Estimate: £1,200 - £1,500

A fine Great War D.C.M. group of five awarded to Private L. Schofield, Rifle Brigade, who was decorated for his gallantry in the “liquid fire attack” at Hooge in July 1915

Distinguished Conduct Medal, G.V.R. (B-3164 Pte. L. Schofield, 5/Rif. Bde.); 1914-15 Star (B-3164 Pte., Rif. Brig.); British War and Victory Medals (B-3164 Pte., Rif. Brig.); French Croix de Guerre 1914-1915, with bronze palm, generally good very fine (5) £1200-1500

Footnote

D.C.M. London Gazette 14 January 1916:

‘For conspicuous gallantry. During a pause in a counter-attack, he went down the line and helped three wounded men, returning at once to his place. He did this again during another pause and finally when the attack was concluded, he crept out and brought in two wounded officers, regardless of any personal danger.’

French Croix de Guerre
London Gazette 14 February 1916.

Leonard Schofield was born in Manchester in August 1891 and enlisted in the Rifle Brigade in September 1914, and was attached to the 8th Battalion at the time of winning his D.C.M. for the ‘liquid fire attack’ at Hooge on 30 July 1915, an action that resulted in battalion casualties of nearly 500 men killed, wounded or missing - and the award of the V.C. to 2nd Lieutenant Sydney Woodroffe. An account of the action appears in
The War Record of the 8th (Service) Battalion, The Rifle Brigade, from which the following extracts have been taken:

‘About 3.15 a.m. the Germans attacked. It had already been reported that they were very active in the front and the whole front line was standing to as usual at that hour.

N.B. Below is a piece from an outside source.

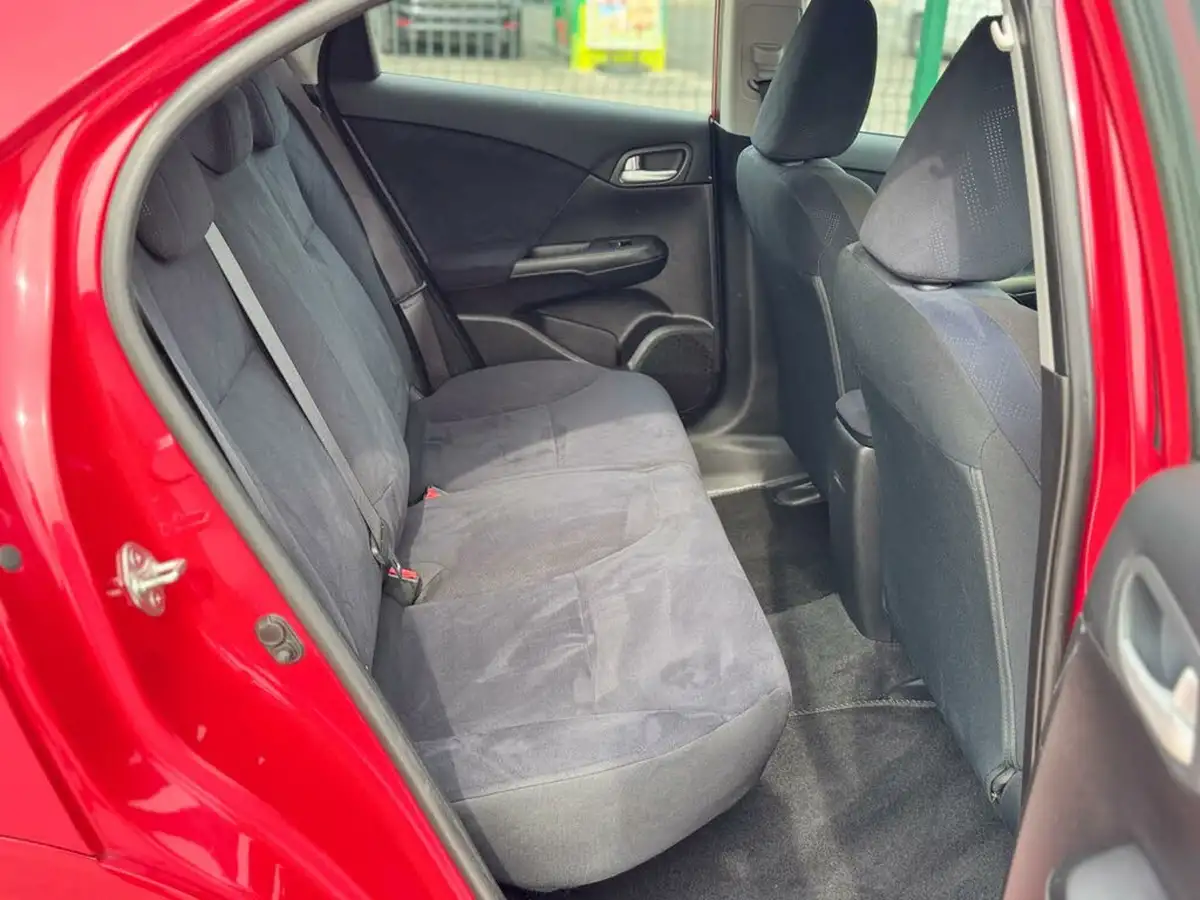 2012-honda-civic-18-ti-i-vtec-142ps-big-32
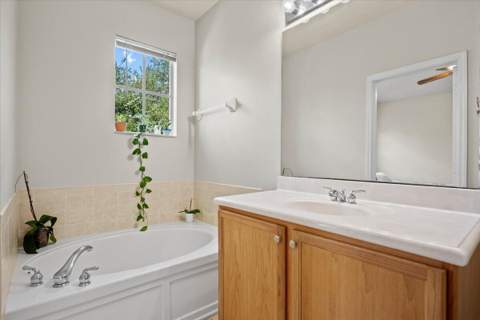 335 E Thatch Palm Circle #104, Jupiter FL - photo 19 of 39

Part of the front line trenches were subjected to an intense bombardment which lasted only about two or three minutes, then suddenly sheets of flame broke out along the front and clouds of thick black smoke. The Germans had turned on liquid fire, apparently from hoses which had been established just in front during the night. Under cover of the flames swarms of bombers appeared on the parapet and in the rear of the lines. The mass of them had broken through and were moving right and left. The fighting became very confused and the machine guns were soon all out of action ...

Nearly all the platoons were overwhelmed and the Germans established themselves along the whole of our front, and were at once strongly reinforced by machine-guns and rifles. They then attempted to bomb down the two communication trenches, “Old Bond Street” and “The Strabd”, but were blocked about half way up and held throughout the day. From the beginning of the action Zouave Wood had been subject to a violent artillery bombardment and all communications were difficult and all telephone wires cut. Reinforcements meanwhile arrived about 9 a.m. from the Brigade in the shape of one company of the K.R.R.C.. The remains of the Battalion held the northern edge of Zouave Wood ...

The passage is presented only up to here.